== DATA SECTION ==

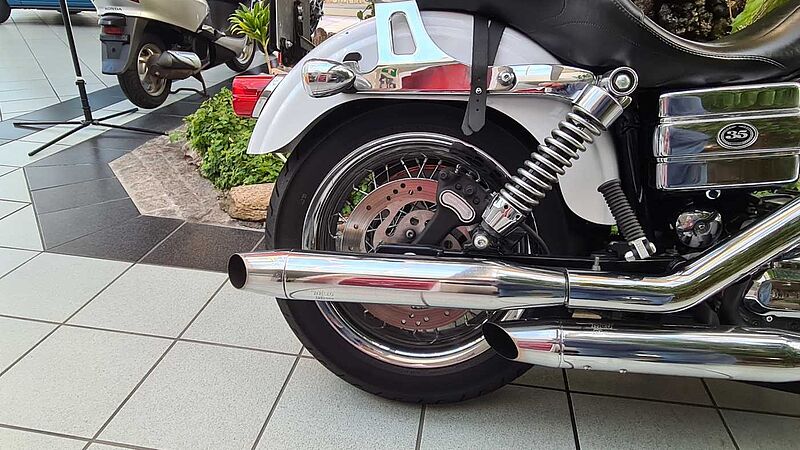 Harley-Davidson Dyna Super Glide 35th Anniversary FXDI 35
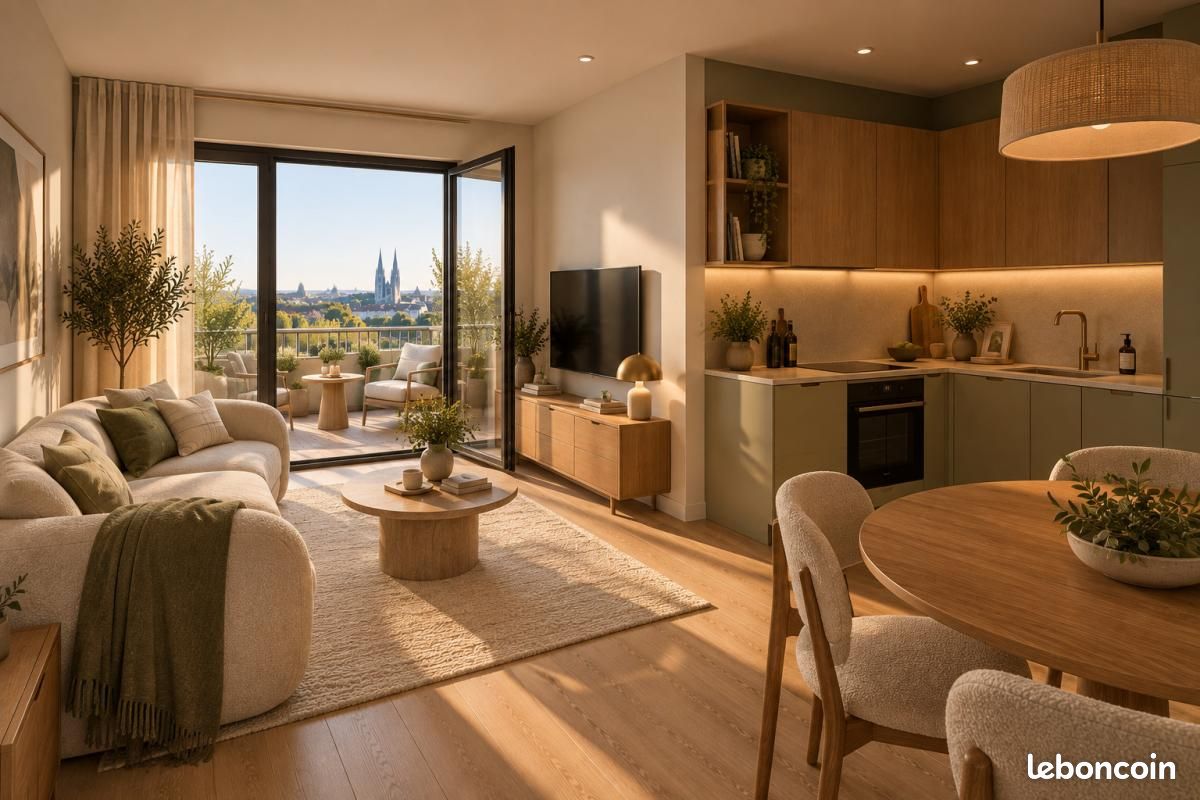 Appartement 2 pièces 40 m² · à Lormont · 40 m² · 196 900 €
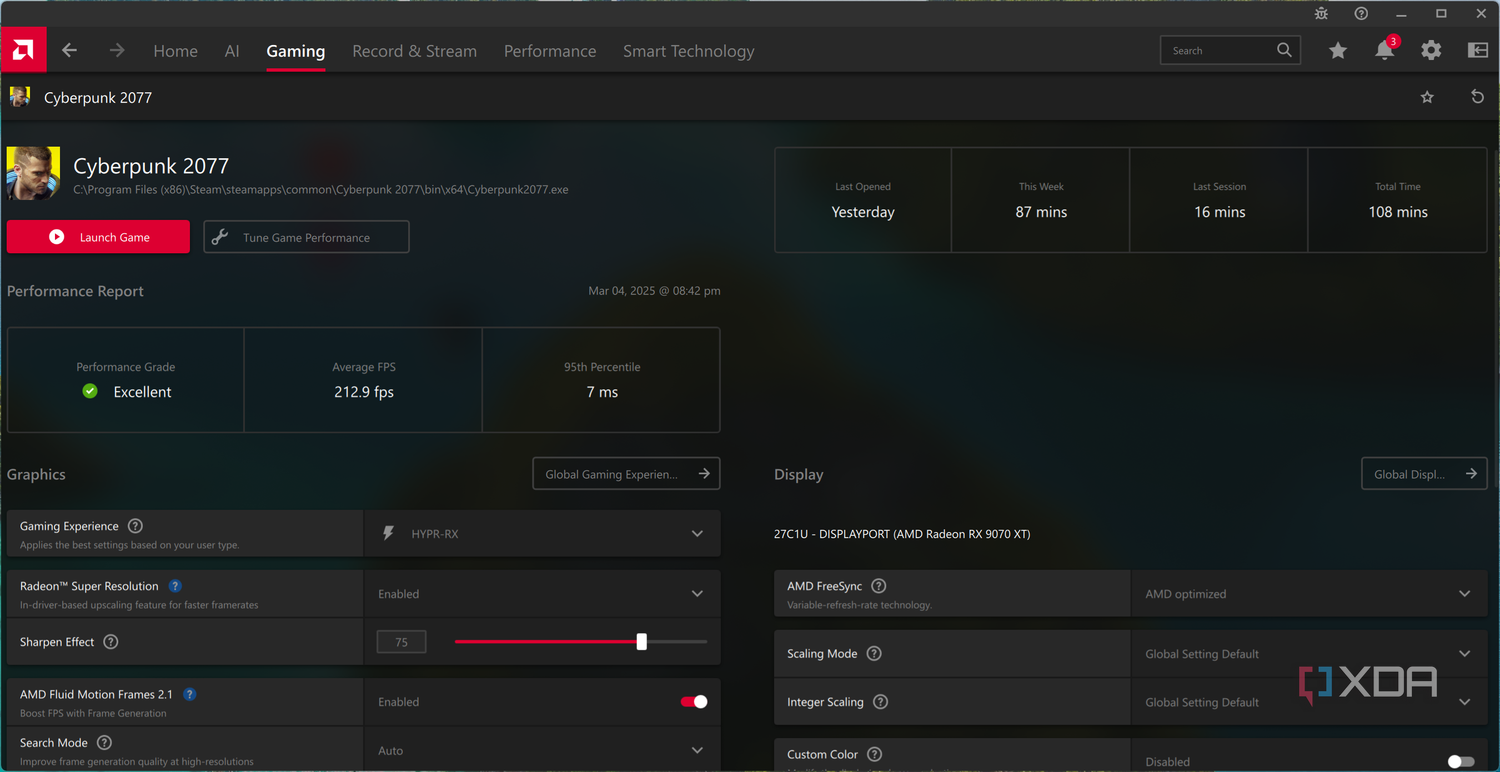 AMD Adrenalin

===

PROBLEM TO WORK ON — Reproduce the listing above from the line that contains "Appartement 2 pièces" through its final line, exactly and with nothing added. Omit the images.

RESPONSE TO THIS EXERCISE —
 Appartement 2 pièces 40 m² · à Lormont · 40 m² · 196 900 €
 AMD Adrenalin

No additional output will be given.